Pure Audiophile is Born
Such is the case with start-up Pure Audiophile, which is releasing its first LPs this month. The two-disc set is called Ballads: Remembering John Coltrane and features vocalist Karrin Allyson with James Williams on piano, John Patitucci on acoustic bass, Lewis Nash on drums, and Bob Berg, James Carter, and Steve Wilson taking turns on saxophone. Retail price is $49.50 for the 2-LP, set with $5 shipping added if you order direct from the company.
Label founder Dennis Cassidy notes that the original CD release of Ballads last May, on the Concord Jazz label, has recently garnered two nominations for the upcoming Grammy Awards: "Best Jazz Vocal Album" and "Best Engineered Album, Non-Classical." "To my knowledge it is the only audiophile re-master ever to come before the nominations or awards were presented, " says Cassidy.

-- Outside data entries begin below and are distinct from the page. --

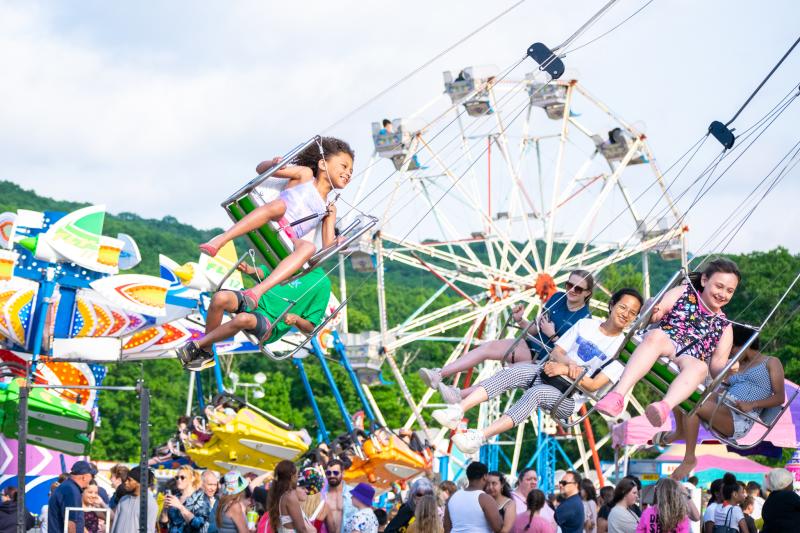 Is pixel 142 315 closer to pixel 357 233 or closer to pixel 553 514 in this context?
pixel 553 514

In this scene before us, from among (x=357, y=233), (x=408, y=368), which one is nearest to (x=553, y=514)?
(x=357, y=233)

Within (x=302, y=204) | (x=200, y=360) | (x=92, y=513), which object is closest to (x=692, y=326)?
(x=302, y=204)

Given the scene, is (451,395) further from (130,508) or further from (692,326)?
(130,508)

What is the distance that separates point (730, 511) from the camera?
9070mm

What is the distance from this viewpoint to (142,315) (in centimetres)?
1788

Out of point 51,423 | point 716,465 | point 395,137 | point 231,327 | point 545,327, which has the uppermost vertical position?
point 395,137

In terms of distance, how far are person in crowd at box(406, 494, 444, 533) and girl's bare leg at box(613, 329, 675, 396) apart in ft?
5.76

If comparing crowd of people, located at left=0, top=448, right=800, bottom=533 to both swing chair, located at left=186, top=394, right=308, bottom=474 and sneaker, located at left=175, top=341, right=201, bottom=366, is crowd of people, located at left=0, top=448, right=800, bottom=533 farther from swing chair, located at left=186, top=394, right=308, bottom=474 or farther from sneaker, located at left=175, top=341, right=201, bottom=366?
swing chair, located at left=186, top=394, right=308, bottom=474

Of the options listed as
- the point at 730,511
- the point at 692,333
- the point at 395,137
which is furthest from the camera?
the point at 395,137

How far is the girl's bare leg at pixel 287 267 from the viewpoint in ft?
23.6

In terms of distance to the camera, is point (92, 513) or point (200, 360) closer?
point (200, 360)

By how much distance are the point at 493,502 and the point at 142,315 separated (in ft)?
33.5

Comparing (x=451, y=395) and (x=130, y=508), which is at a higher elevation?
(x=451, y=395)

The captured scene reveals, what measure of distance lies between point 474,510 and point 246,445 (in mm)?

The discs are high-quality 180 gram blue vinyl and were plated and pressed by Record Technology (RTI). Cassidy says that the lathe used to cut the lacquers at half-speed was built by Stan Ricker (who also cut the masters) and "Prof." Keith Johnson of Reference Recordings fame. "Of course he's up for a Grammy this year also. We congratulate him, and like most Stereophile readers, we have our fingers crossed for him on the 27th."

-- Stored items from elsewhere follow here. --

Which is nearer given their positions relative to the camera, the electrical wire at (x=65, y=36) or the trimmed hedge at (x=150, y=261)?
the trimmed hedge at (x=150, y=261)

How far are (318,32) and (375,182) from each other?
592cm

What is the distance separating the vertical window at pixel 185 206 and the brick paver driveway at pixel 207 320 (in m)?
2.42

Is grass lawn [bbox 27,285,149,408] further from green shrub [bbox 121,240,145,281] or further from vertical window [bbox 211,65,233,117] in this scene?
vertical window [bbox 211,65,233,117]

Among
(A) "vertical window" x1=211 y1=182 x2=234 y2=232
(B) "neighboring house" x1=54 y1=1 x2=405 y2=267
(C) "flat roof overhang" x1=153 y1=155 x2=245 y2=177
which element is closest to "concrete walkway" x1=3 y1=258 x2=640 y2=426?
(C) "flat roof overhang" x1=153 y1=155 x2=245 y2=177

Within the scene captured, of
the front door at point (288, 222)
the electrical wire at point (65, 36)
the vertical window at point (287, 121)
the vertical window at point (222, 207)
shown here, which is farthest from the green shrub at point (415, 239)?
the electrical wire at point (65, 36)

Cassidy says, "Karrin Allyson makes the world a better place to live. I know it sounds corny (and I think I owe Pepsi or Coke a penny for plagiarizing a stupid '70's commercial) but it's true. Karrin uses her voice as an instrument, not a weapon. It doesn't try to beat you into submission, it slowly seduces you. We considered including a corkscrew with the packaging."
Cassidy won't comment on Pure Audiophile's next release except to say: "We have very diverse tastes and grew up in the late '60s and early '70s. The common thread will be performance quality, and there will be some very pleasant surprises. We ask our customers to be patient—expect about a new release every six months. Also expect it to be worth the wait. And please feel free to send suggestions and opinions, for we, like Stereophile readers, are trying to be good listeners."